O ministro Ananias expôs o risco de que os programas de renda mínima percam o conteúdo educativo ou de saúde e se convertam em simples ação assistencialista. Assim, o PT não só estaria deixando de inovar em políticas sociais como estaria voltando para trás. Lembre-se de que a bolsa-escola é, em larga medida, invenção do próprio PT, posteriormente apoiada por todos os partidos e pelos mais diferentes governos.
Na quinta-feira, o presidente Lula tentou manter a ilusão e deu ordens para que o governo federal acompanhasse os tais 15 milhões de crianças das 170 mil escolas públicas espalhadas por 5.463 cidades. Não vai dar certo.
Existe uma questão cultural, da qual a própria imprensa é vítima. Estamos acostumados a sobrevalorizar a capacidade de ação de Brasília. Espera-se do presidente a condução de políticas para melhorar a educação, a saúde, o ambiente -e por aí vai.
Basta ver o espaço que Brasília ocupa nos noticiários em comparação com a cobertura sobre soluções desenvolvidas nas comunidades. É um vício adquirido pelo papel dos governos federais desde a nossa descoberta pelos portugueses. Um vício reforçado por Lula, montado na bandeira da redenção social.
Os programas funcionam melhor (ou só funcionam) nas cidades em que existem bons prefeitos e fiscalização comunitária. É ali que se vêem melhores escolas, postos de saúde mais decentes e menos desperdícios na transferência de recursos.

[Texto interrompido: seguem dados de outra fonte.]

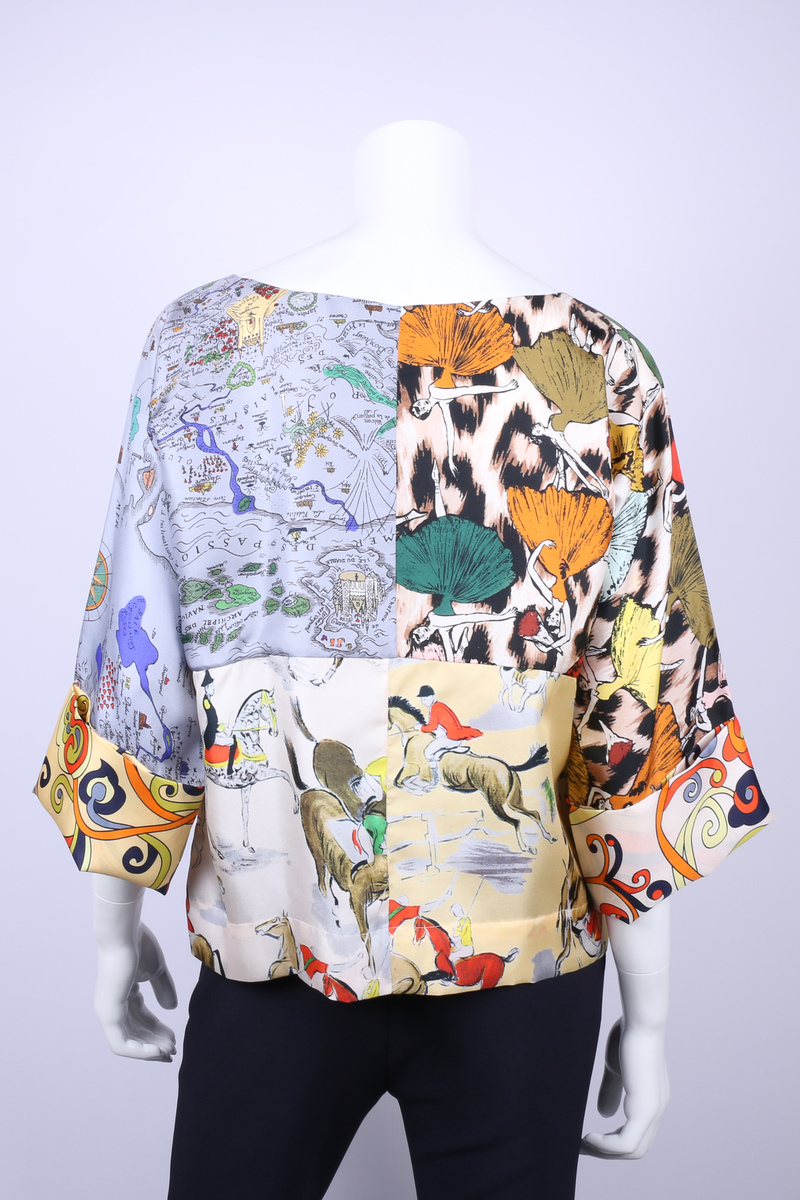 La Prestic silk kimono sleeve patchwork blouse - MULTI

Conhecem-se casos e mais casos de municípios pobres, no interior do Nordeste, em que nenhuma criança está fora da escola. E mais: a mortalidade infantil cai sem parar.

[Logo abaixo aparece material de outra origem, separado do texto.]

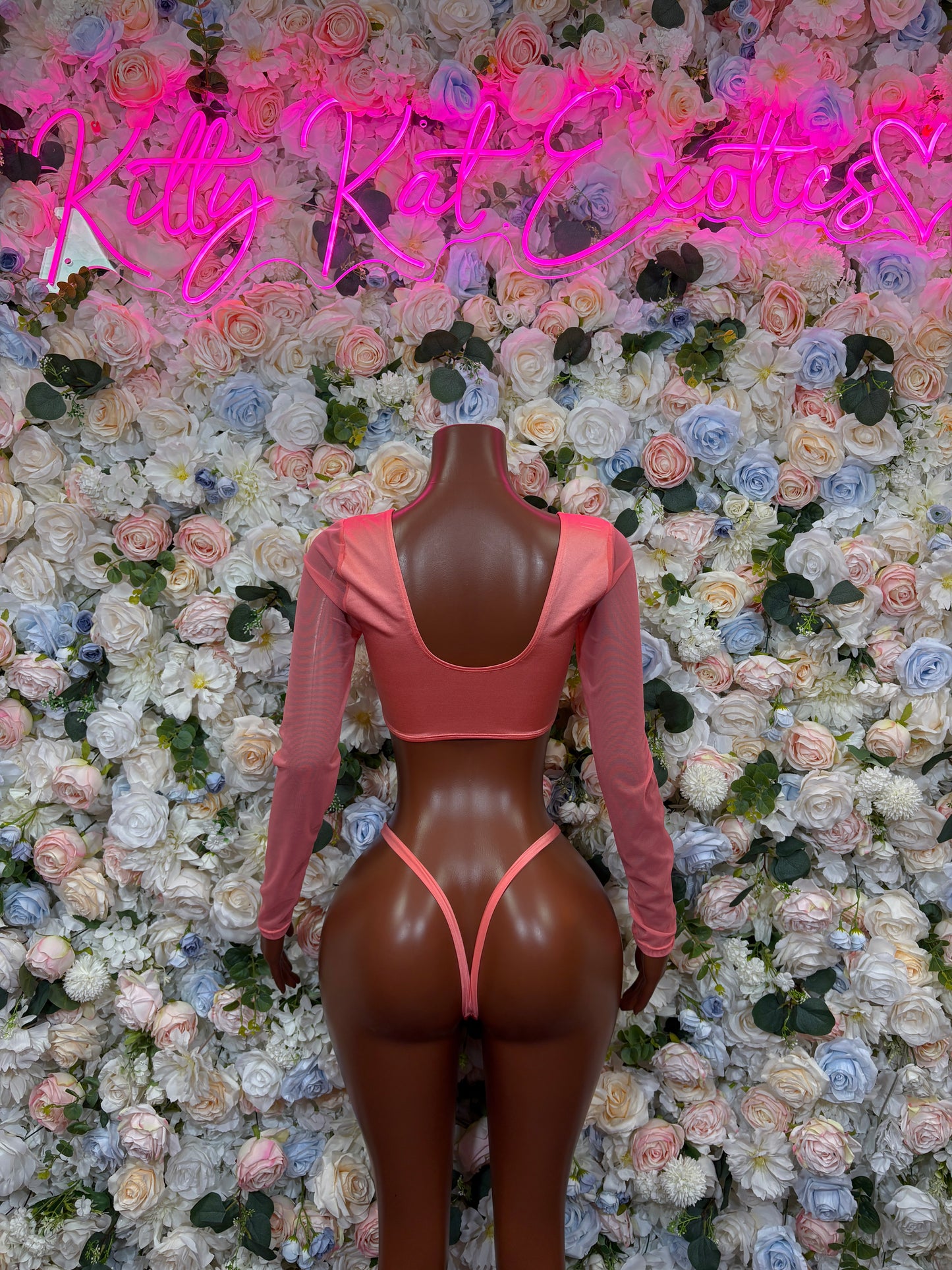Coral Two Piece Long Sleeve Rave Outfit Exotic Dancewear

Modelos de sucesso indicam a seguinte receita: o governo federal é mais eficaz quando articula ou induz. O papel central, decisivo, é dos prefeitos, que, fiscalizados e orientados pelos mais diferentes conselhos da sociedade civil, coordenam o dinheiro que vem da União e do Estado.
Dependemos mais daqueles que estamos elegendo neste ano do que dos que vamos eleger para presidente e governador em 2006. Ou seja, cada cidade é como se fosse um país, cada prefeito, um presidente -numa valorização do local no mundo globalizado.
Na prática, em vez de ficar teimando em manter o controle do Bolsa-Família em Brasília, por exemplo, o governo já deveria ter apressado a transferência de controle para os municípios e passado a fiscalizar por amostragem.
Será que alguém imagina que um punhado de burocratas em Brasília possam ser mais eficientes do que 5.463 "presidentes"?
PS - Na semana passada, a sucessão presidencial foi, pela primeira vez, um debate aberto, trazido por Marta Suplicy. Reação compreensível por causa da pesquisa Datafolha publicada hoje, em que ela aparece, no segundo turno, ainda distante de Serra. As direções do PSDB e do PT vêem a eleição da cidade de São Paulo como um trampolim para Brasília. Na linha "minha cidade, meu país", o eleitor, porém, age com mais pragmatismo e visão de futuro: está mais preocupado em conhecer as melhores propostas para a cidade. Repito: ainda está faltando um candidato para quem a Prefeitura de São Paulo seja, para valer, fim, e não meio.